Line for line, return the data exactly, omitting all pictures.

(Records excerpted from a collection)
══════
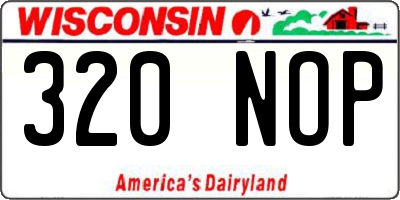 WI license plate 320NOP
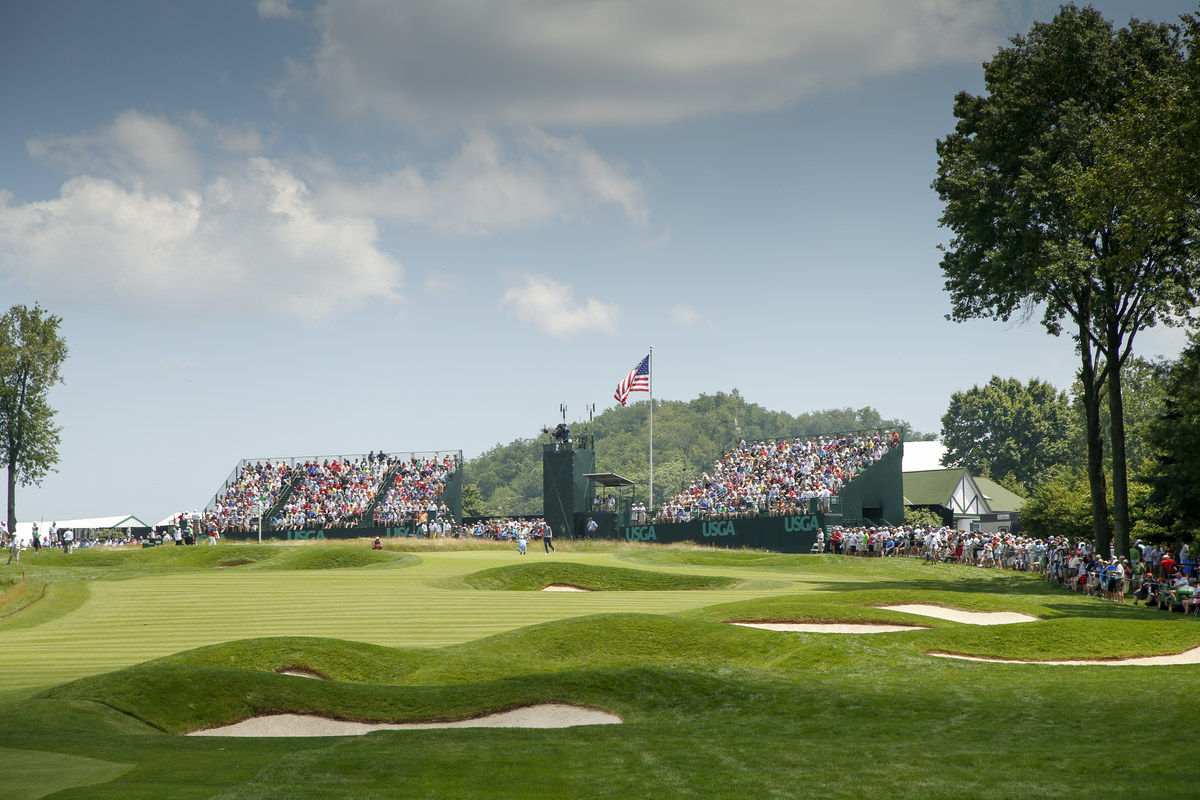 General view of the green on the second hole during the first round of the 2016 U.S. Open at Oakmont Country Club in Oakmont, Pa. on Friday, June 17, 2016. (Copyright USGA/Michael Cohen)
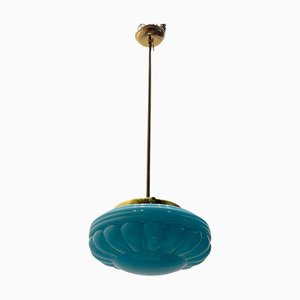 Lampe à Suspension Mid-Century en Verre Opalin Bleu avec Raccords en Laiton, 1970s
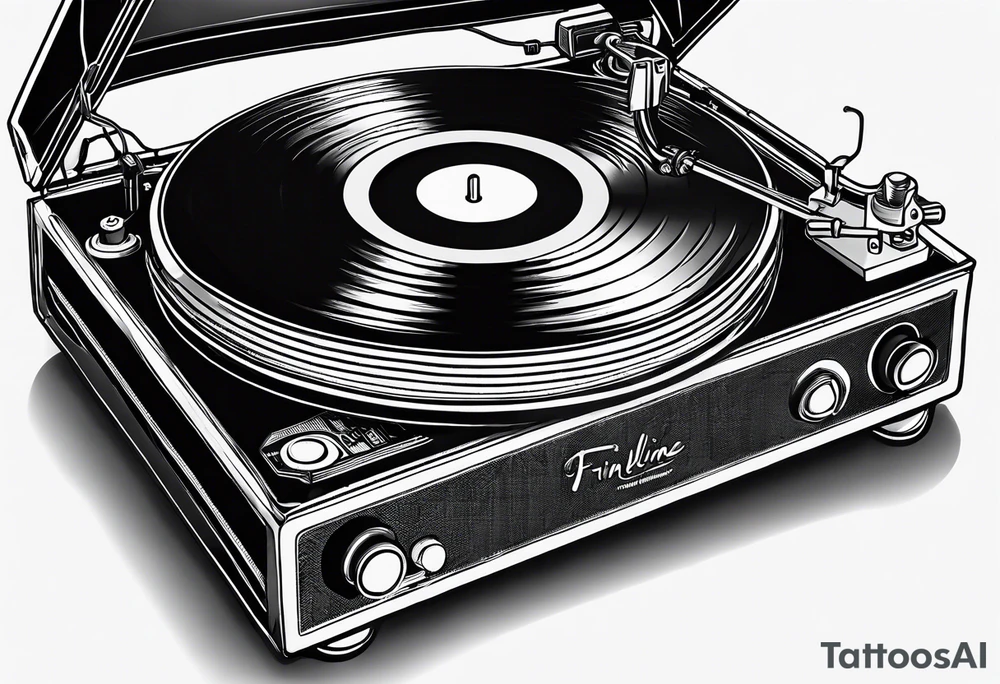 Recordplayer finline art minimalistic oneline throwup tattoo idea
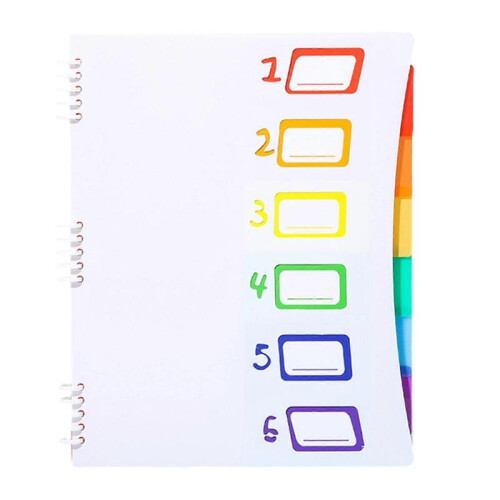 (White) 6 Pockets Expanding File Folder Letter Size Document Organiser Expandable Sorting Folder with Removable Pages 317x250mm  White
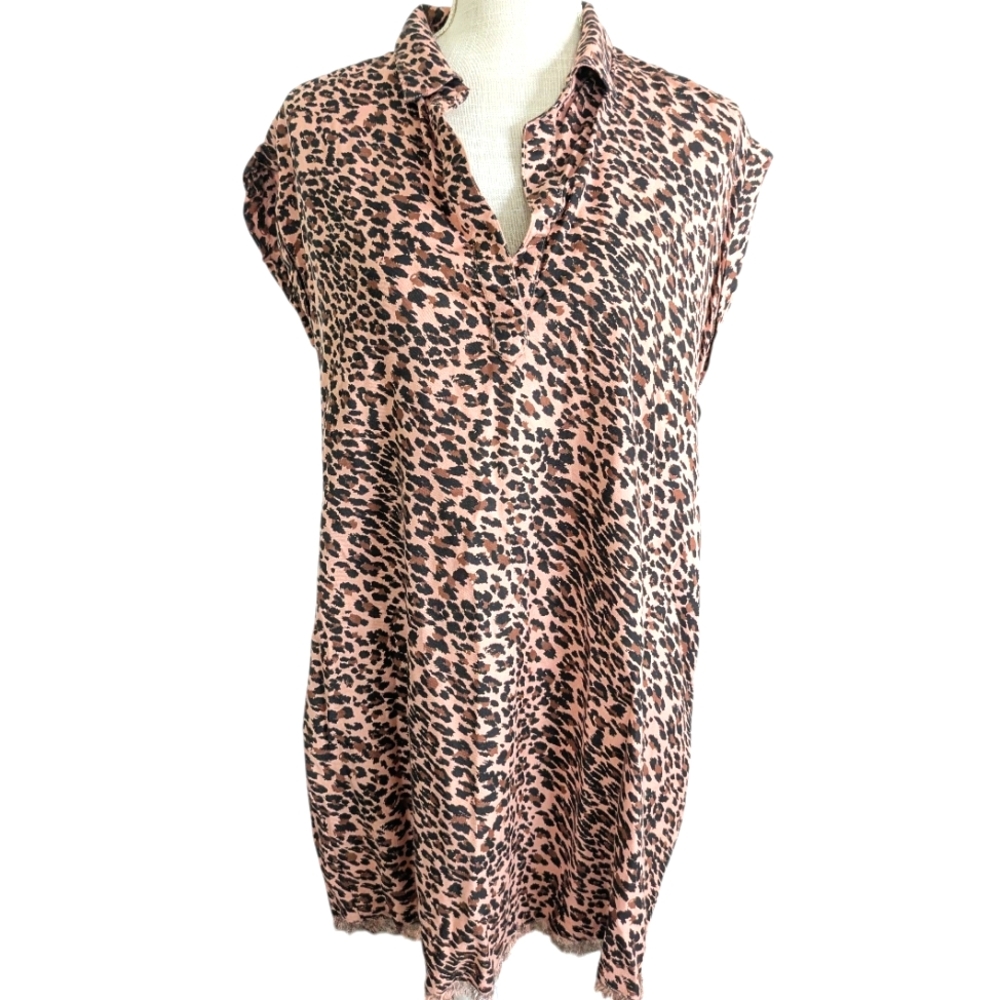 Miami Francesca's Animal Print Rayon Short Sleeve Mini Dress Pockets Size S NWOT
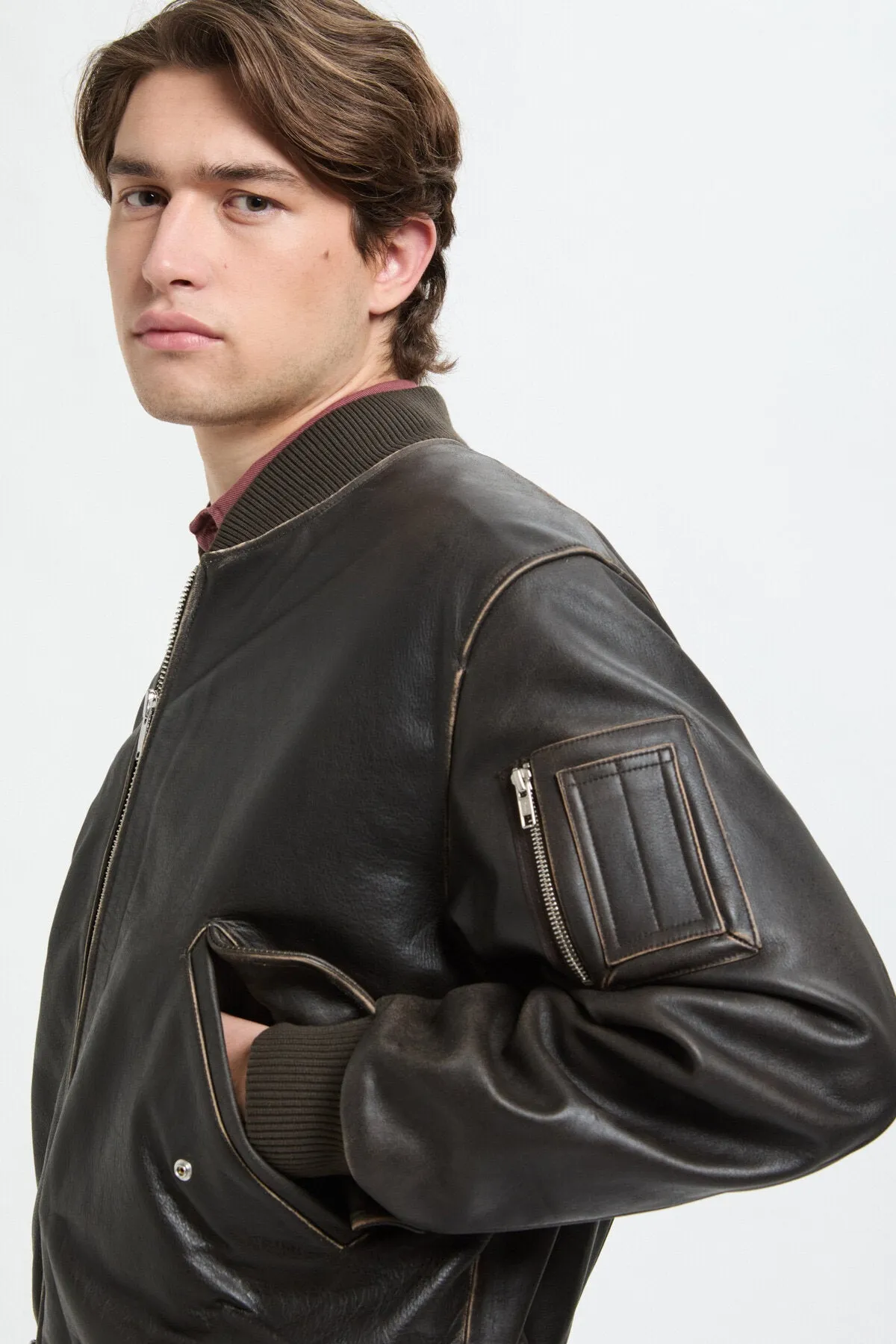 LEATHER FLIGHT JACKET sold by Baracuta product image thumbnail 4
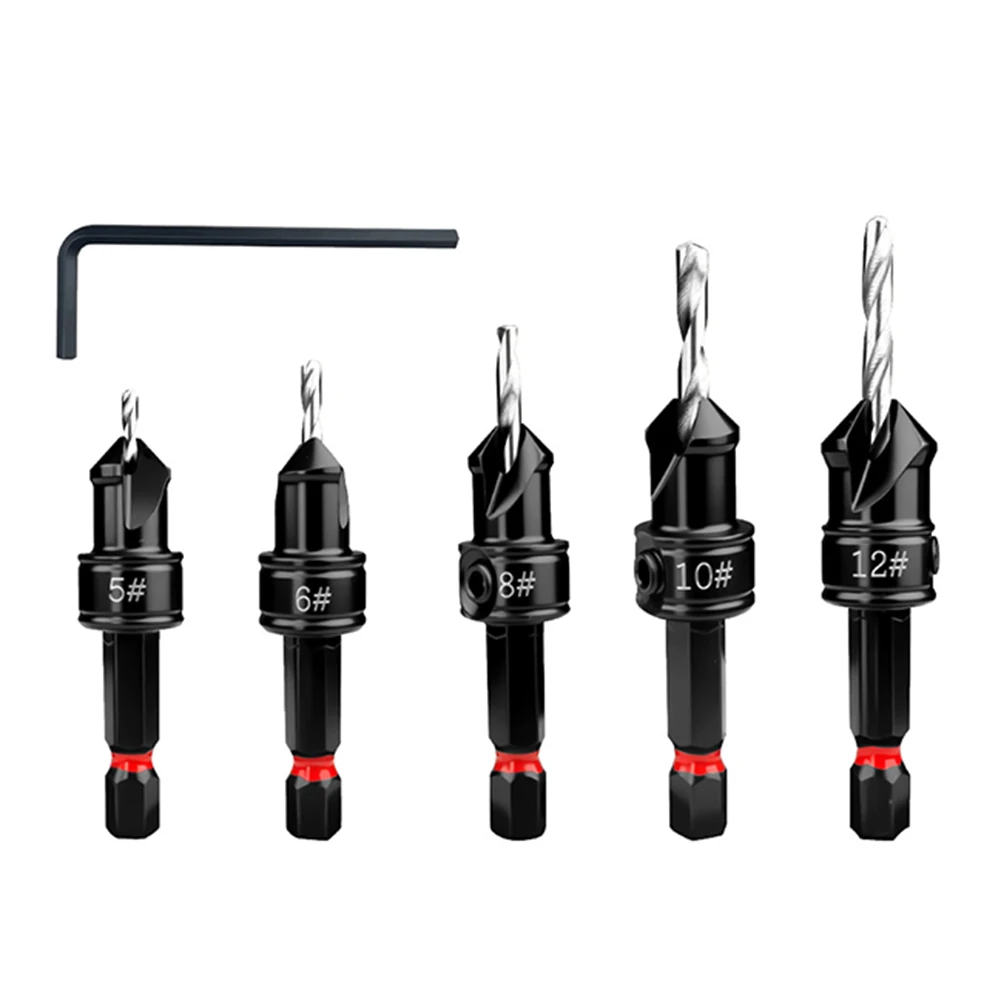 

5 шт. сверло с зенковкой для деревообработки, сверло, пилот # 5 # 6 # 8 # 10 # Детали электроинструмента для дрели с 12 резами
══════
### Exercise result:
 WI license plate 320NOP
 General view of the green on the second hole during the first round of the 2016 U.S. Open at Oakmont Country Club in Oakmont, Pa. on Friday, June 17, 2016. (Copyright USGA/Michael Cohen)
 Lampe à Suspension Mid-Century en Verre Opalin Bleu avec Raccords en Laiton, 1970s
 Recordplayer finline art minimalistic oneline throwup tattoo idea
 (White) 6 Pockets Expanding File Folder Letter Size Document Organiser Expandable Sorting Folder with Removable Pages 317x250mm  White
 Miami Francesca's Animal Print Rayon Short Sleeve Mini Dress Pockets Size S NWOT
 LEATHER FLIGHT JACKET sold by Baracuta product image thumbnail 4

5 шт. сверло с зенковкой для деревообработки, сверло, пилот # 5 # 6 # 8 # 10 # Детали электроинструмента для дрели с 12 резами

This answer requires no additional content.